If you like, we can add a logger message warning that the binary is being loaded at that base address for PIEs? If you want it loaded at zero, you can specify that with b = angr.Project('filename', load_options={'main_opts': {'custom_base_addr': 0}}) or... something like that? check the docstring for cle.Loader.

from angr-doc.

bannsec avatar bannsec commented on July 22, 2024

Yeah, that's what I've ended up doing. A warning would be good though.

from angr-doc.

bannsec avatar bannsec commented on July 22, 2024

On the same problem, I've found this:

UnsupportedSyscallError('no syscall 13 for arch AMD64',)

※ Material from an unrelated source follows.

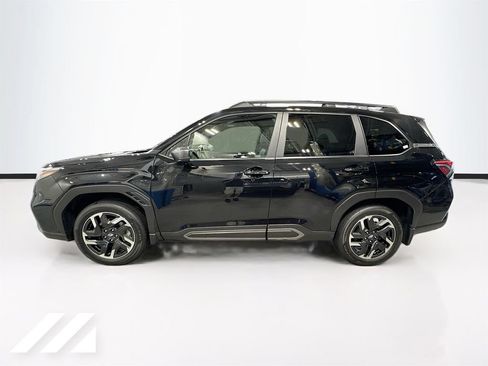 Used 2025 Subaru Forester Limited w/ Popular Package #1 AWD/4WD image 8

The binary is creating an alarm for itself (connection timeout i think). For now I'll just add a handler or something to jump over it, but are signals a general limitation of angr? feature in the future? etc

from angr-doc.

rhelmot avatar rhelmot commented on July 22, 2024

There are a lot, at lot a lot of unsupported syscalls. If you want something to work, you're probably better off implementing SimProcedures for the individual library functions your binaries use, instead of implementing syscalls.

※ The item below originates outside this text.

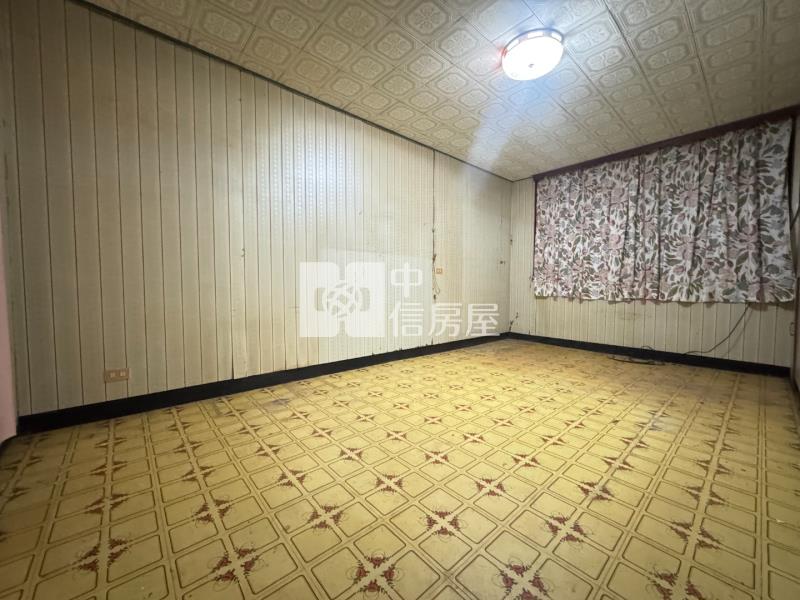 專任/忠貞市場龍岡國中透天房屋室內格局與周邊環境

On the other hand, that alarm behavior is really unimportant for analysis purposes, and the default behavior of an unsupported syscall is to do nothing and return an unconstrained symbolic value, so that error is probably nothing to worry about.

from angr-doc.

bannsec avatar bannsec commented on July 22, 2024

sorry to keep pestering. i've noticed that the explorer seems to run off on its own sometimes. is there a way for angr to tell you what portions of the code it is spending most time on so that the end user can try to optimize around it?

from angr-doc.

zardus avatar zardus commented on July 22, 2024

There isn't at the moment, but that'd be an interesting feature. In the meantime, this code could be useful:

import itertools
import collections

p = angr.Project('/bin/bash')
pg = p.factory.path_group().step(170)
print collections.Counter(itertools.chain(*pg.mp_active.addr_backtrace.mp_items))

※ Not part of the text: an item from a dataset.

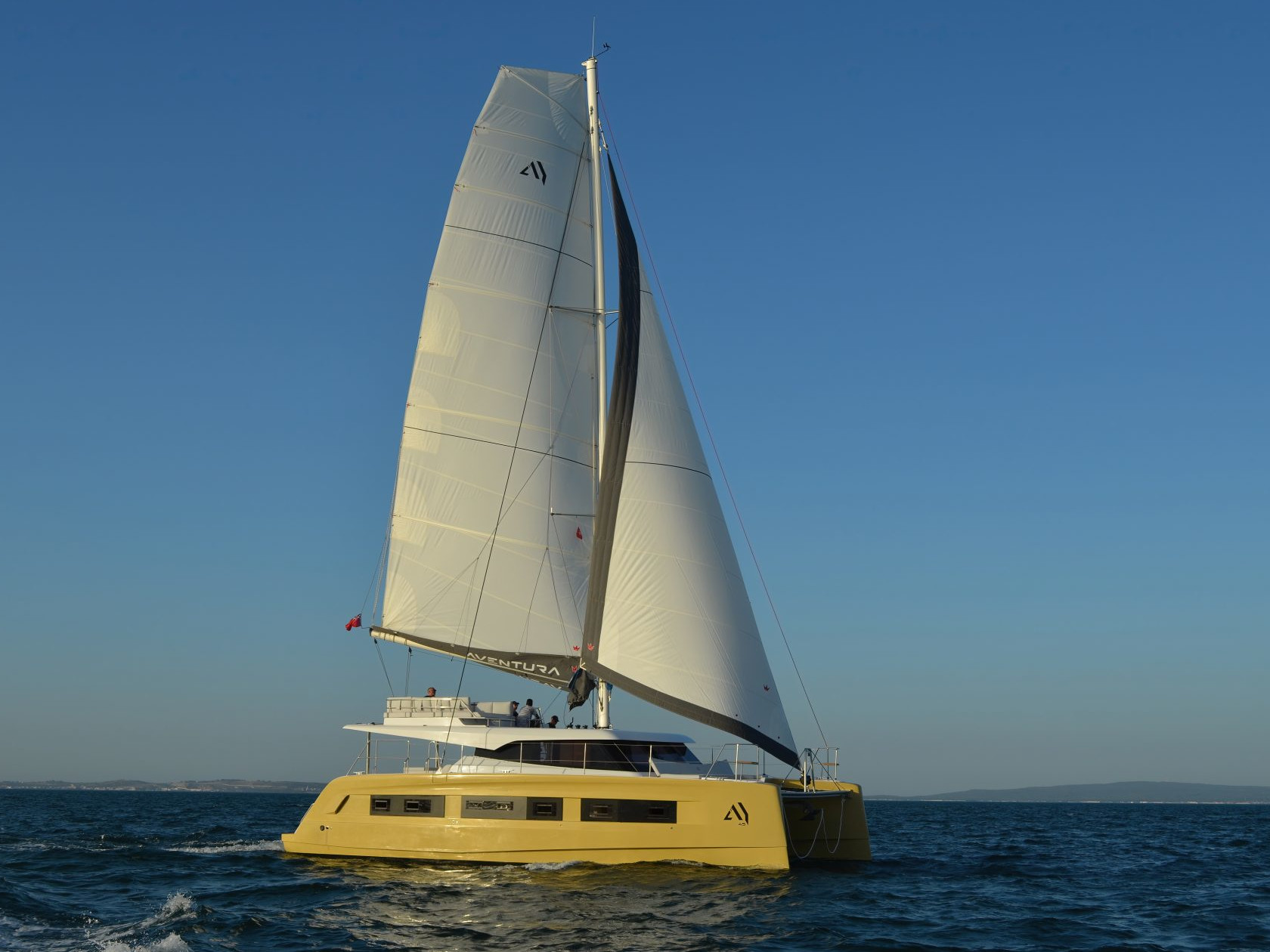 Aventura 45 (2025) – Aura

That'll step bash 170 times (at which point, it splits a few times), then grabs the backtrace of every path, combines them all, and passes them to collections.Counter, which gives you a count for the most common basic blocks executed.

This suffers from the problem that a basic block is counted once per path where it appears rather than every time it was executed. That is, if you execute blocks A->B and then branch and execute B->C1 and B->C2 in two different paths, A and B will end up being counted twice. Solving that requires analyzing the path history and is probably a decent-sized pain in the ass.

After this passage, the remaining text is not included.